Are all of the predictors significant? What is the R2 of your regression?
Next, we want to plot the data along with the prediction (aka the fit). I've plotted the data on a log scale (drawn with a dotted line). Use the "lines" function to overlay the FITTED values from your regression (e.g., if your regression model was called "reg" you want to plot reg$fitted vs t) as a solid line in another color. This solid line is your prediction. Update the legend to reflect your additional line.
plot(log(airline$Passengers), xlab="year",
ylab="log monthly passengers", type="l", col=4, lty=2,
xaxt="n", lwd=2)
axis(1, at=(0:12)*12, labels=1949:1961)
## add in the line here
legend("topleft", legend=c("data", "fitted"), lty=c(2,1), col=c(4,4)) ## update the legend
The difference between the solid and dotted lines at each month are your residuals across time. As always, we want to also look at our residuals explicitly to see if we're doing a good job of explaining things. For TS we primarily look at residuals across time, and the ACF of our residuals. So make those two plots here.
par(mfrow=c(1,2))
## residuals plotted across time
## acf plot of the residuals
How do these look? What do you notice about the residuals, esp the ACF?
It turns out that there is a month effect that we're missing. Here is one way to look at it (note we have to index by t so that everything lines up properly):
## this command assumes that your fitted model is called mod1. You'll need to change it to your object
## boxplot(mod1$resid ~ airline$Month[t], xlab="month",
## ylab="residuals", col=7)
Residuals in months with lots of school holidays (March, summer, December) are consistantly high. Let's create a dummy variable called "holidays" that tells whether a particular passenger record is for a month that has lots of holidays.
YX$holidays <- airline$Month[t] %in% c(3,6,7,8,12)
Fit a new lm that adds this holiday variable on to what you had before, and then re-examine the residuals, including by month.

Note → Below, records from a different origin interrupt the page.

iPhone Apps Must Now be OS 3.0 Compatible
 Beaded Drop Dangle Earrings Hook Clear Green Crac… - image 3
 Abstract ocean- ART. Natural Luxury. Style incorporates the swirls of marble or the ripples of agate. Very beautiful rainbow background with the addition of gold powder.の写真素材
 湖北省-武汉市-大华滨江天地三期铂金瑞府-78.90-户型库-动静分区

## new fitted model and summary here
## plot of data + model fit here
par(mfrow=c(1,2))
## residuals plotted across time
## acf plot of the residuals
## boxplot of residuals by month
Now you have 2 nested models. Because they are nested, we can compare them in two ways. First I do a partial F-test. The idea behind the F-test is that it looks at the difference in the R2 value between the two models and determines whether or not this difference is large enough to warrent the additional covariates. If we use the "anova" function in R and provide both fittend model objects as arguments, it will automatically perform a partial F-test. Note: you will need to replace mod1 and mod2 with the names of your model objects.
## partial F test: anova(mod1, mod2)
Based on these what model would you choose and why?
We can also compare the models via BIC (the Bayesian Information Criterion) and the approximate relative model probabilities based on the BICs. Note that we can use BIC/model probabilities to compare between models even if the models are not nested, as long as the response being modeled is the same in each case. Note: you will need to replace mod1 and mod2 with the names of your model objects.
n<-length(YX$logY)-1
##bics<-c(mod1=extractAIC(mod1, k=log(n))[2],
## mod2=extractAIC(mod2, k=log(n))[2])
##ebics<-exp(-0.5*(bics-min(bics)))
##probs<-ebics/sum(ebics)
##rbind(round(bics, 5), round(probs, 5))
Which model is the best via BIC? Does this jive with what the partial F-test told you? What is the R2 for your best model. Based on this model selection, R2 and what you saw in the residuals for this model, do you feel satisfied that your model is capturing the patterns in the data? Would you want to go back and fit anything else?
Use Aedes aegypti abundances from light traps from various locations in Manatee County, Florida to perform a Time series analysis. This dataset can be downloaded from VecDyn. You will need to register first. The same dataset is also available on the workshop git repository (file called vecdyn_manatee_county_a.aegypti.csv
).
Write it as an independent, self-sufficient R script that produces all the plots in a reproducible workflow when sourced.